Rhys Cash, 45, from Chiswick, spent more than a year searching for a place to buy in the countryside along the M4 corridor after he and his wife decided they wanted a place with more space. But when his employer announced that it would move to a policy of three days a week in the office at the start of this year, the couple decided to stay put and bought a bigger house in Chiswick instead.
“Partly, we realised how spoilt we were in Chiswick,” said Mr Cash. “We’re within walking distance of a million shops and restaurants, and my office is right around the corner.”
Chiswick is one of the most popular destinations for buyers returning to the capital, according to Christopher Bramwell of the estate agents Savills.
“Ealing is also proving very popular on the back of the new Elizabeth line opening up,” he said. Prices in west London, which had flattened during the pandemic, were now trending upwards as the city “comes back to life”, he added.
Many businesses have already asked their employees to come back to the office after more than two years of remote work. Professionals in financial services, media and advertising were among those Mr Bramwell had seen moving back in order to be closer to the office.

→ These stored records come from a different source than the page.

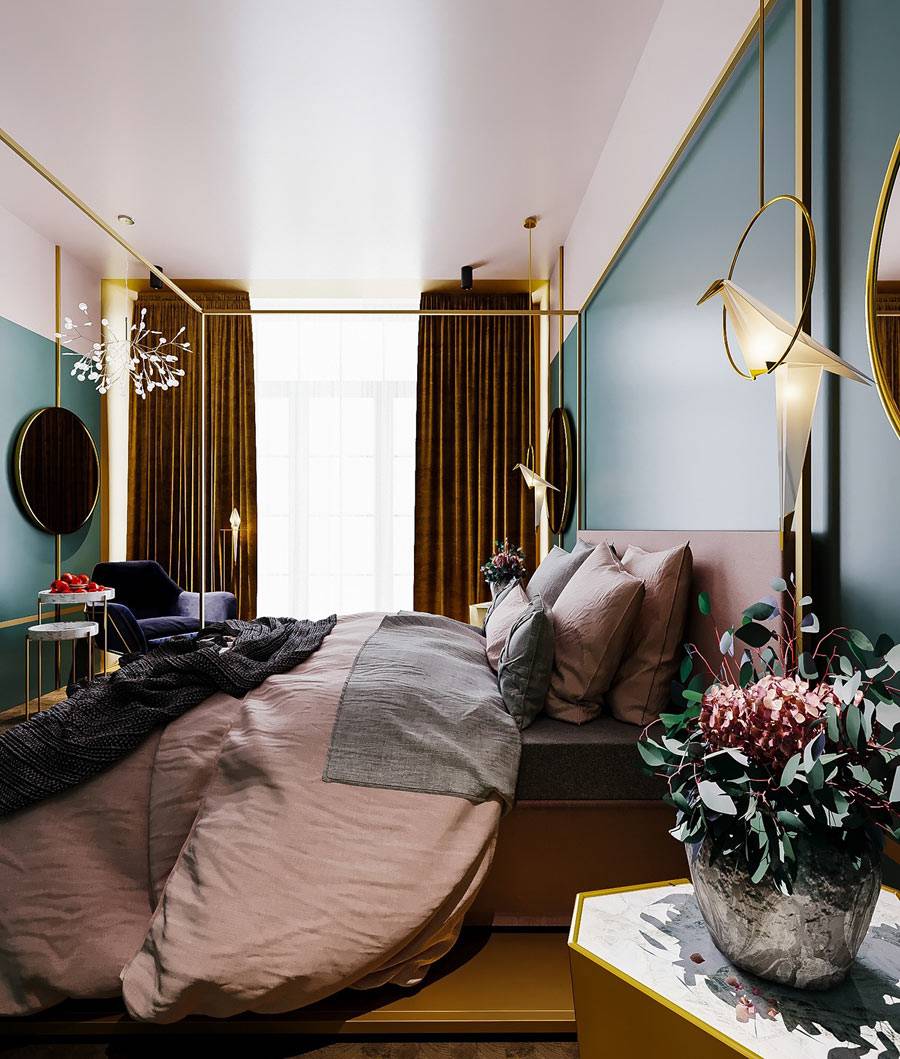 Стильный дизайн-проект спальни от Екатерины Шахмановой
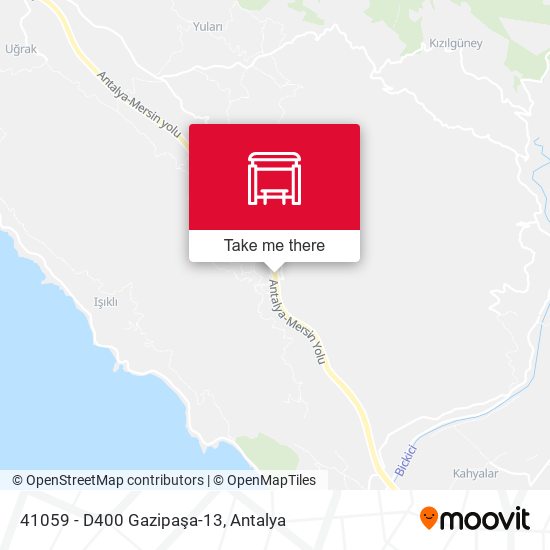 41059 - D400 Gazipaşa-13 map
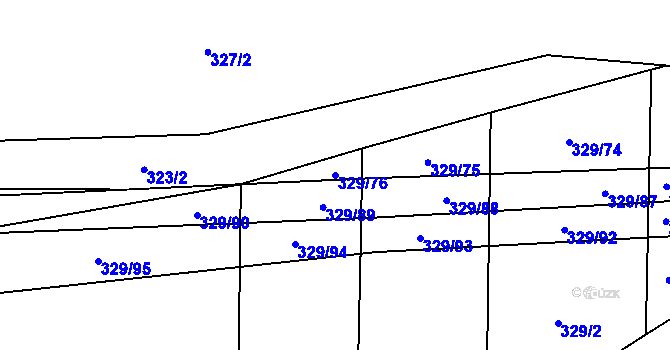 Parcela st. 329/76 v KÚ Smilkov, Katastrální mapa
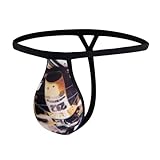 COMLIFE Men's Sexy G - string Thong Underwear with Sponge - padded Crotch Protection for Swimming and Boxing - style Sports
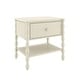 preview thumbnail 14 of 33, Max and Lily Jenny Lind Nightstand with 1 Drawer and Bottom Shelf
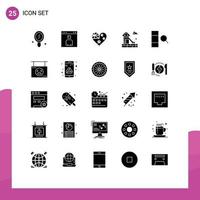 25 kreativ ikoner modern tecken och symboler av styrelse data Land kolumn vatten redigerbar vektor design element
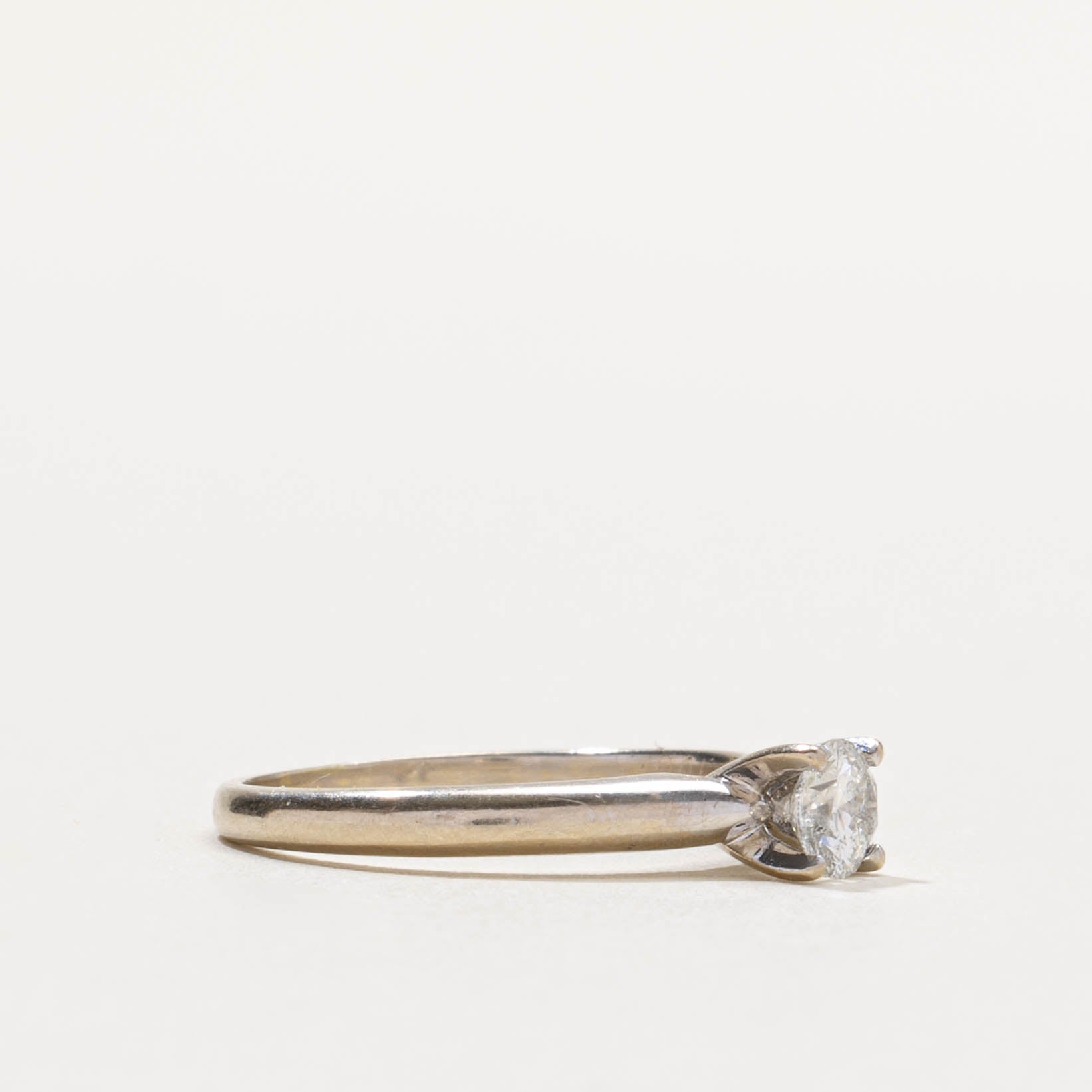14k Solitaire Diamond Engagement Ring | 0.34ct I1 H/I | SZ 6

Estate agents said they expected to see a rise in sales inquiries over the next few months from these buyers. But interest from boomerang buyers is not the only factor driving the recovery in London’s property market.
An acute dearth of property for sale is one of the biggest reasons for the surge in prices. Mark Harris of the mortgage broker SPF Private Clients said: “General lack of supply is continuing to drive increases in prices in London, combined with the weak pound, which is stimulating international investment.”